Rusesabagina's parents sent him to school in a town near Gitwe; a school that was run by the Seventh-day Adventist Church. By the age of eight he could read and speak French, and by thirteen he could read and speak English.
By the end of his teenage years, Rusesabagina wanted to pursue his interest in the church attending seminary to become a minister. He also became interested in the daughter of the African pastor of a Seventh-day Adventist Church, Reverend Sembeba. Her name was Esther, and on September 8, 1967 they married and he began attending the Faculty of Theology in the nation of Cameroon to become a minister.

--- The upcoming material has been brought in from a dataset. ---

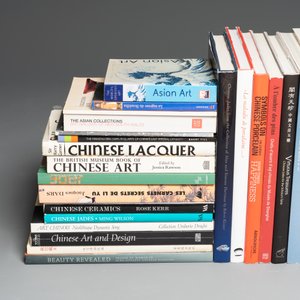 Collection variée de 55 livres de référence sur l'art chinois principalement sur le travail de la laque, le jade et la peinture — photo 2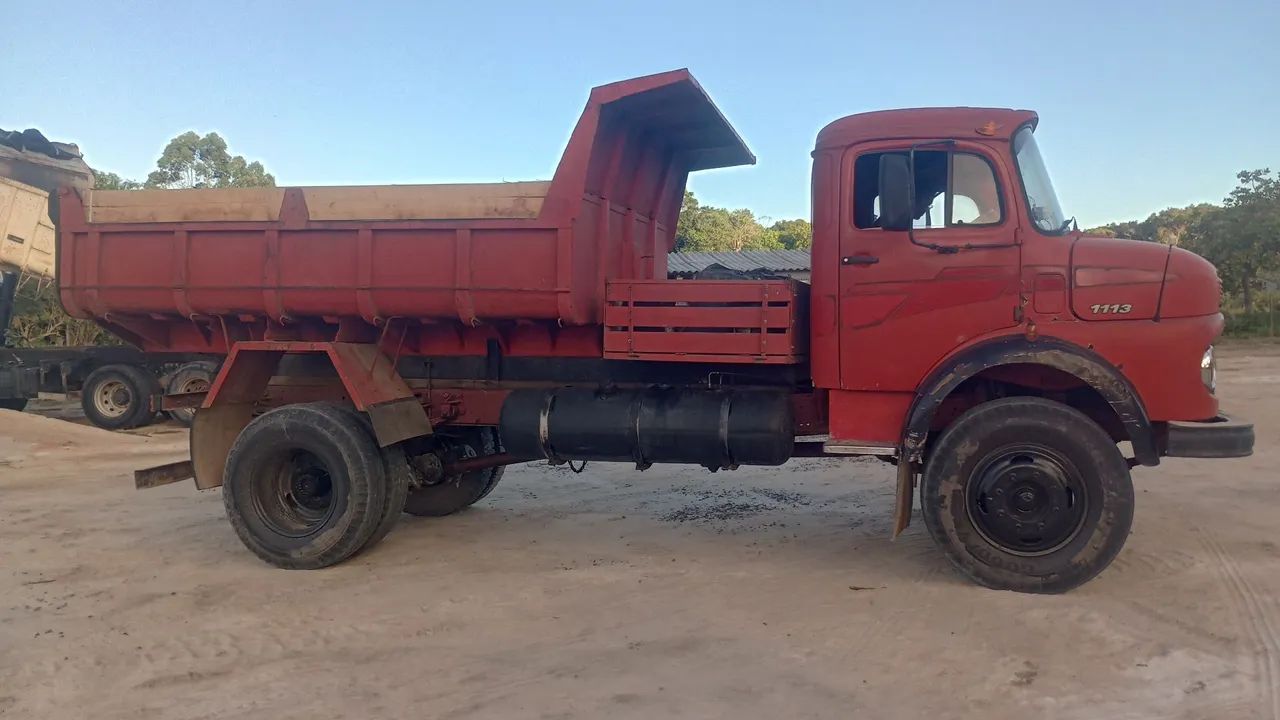 Caminhão Caçamba Mercedes-Benz 1113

In December 1978, he, his wife, and two children moved to Kigali. While there, a childhood friend, Isaac Mulihano, invited Rusesabagina to apply for work at the Milles Collines where Mulihano worked and where there was an opening. He excelled at the hotel, and was later sent to Switzerland and Brussels where he learned more about cuisine, bookkeeping, courtesy, payroll management, how to plan institutional goals, and how to hire and fire workers. However, his constant work kept him apart from his wife Esther. They legally separated in 1981 and he was allowed to have complete custody of their three children: Diane, Lys, and Roger.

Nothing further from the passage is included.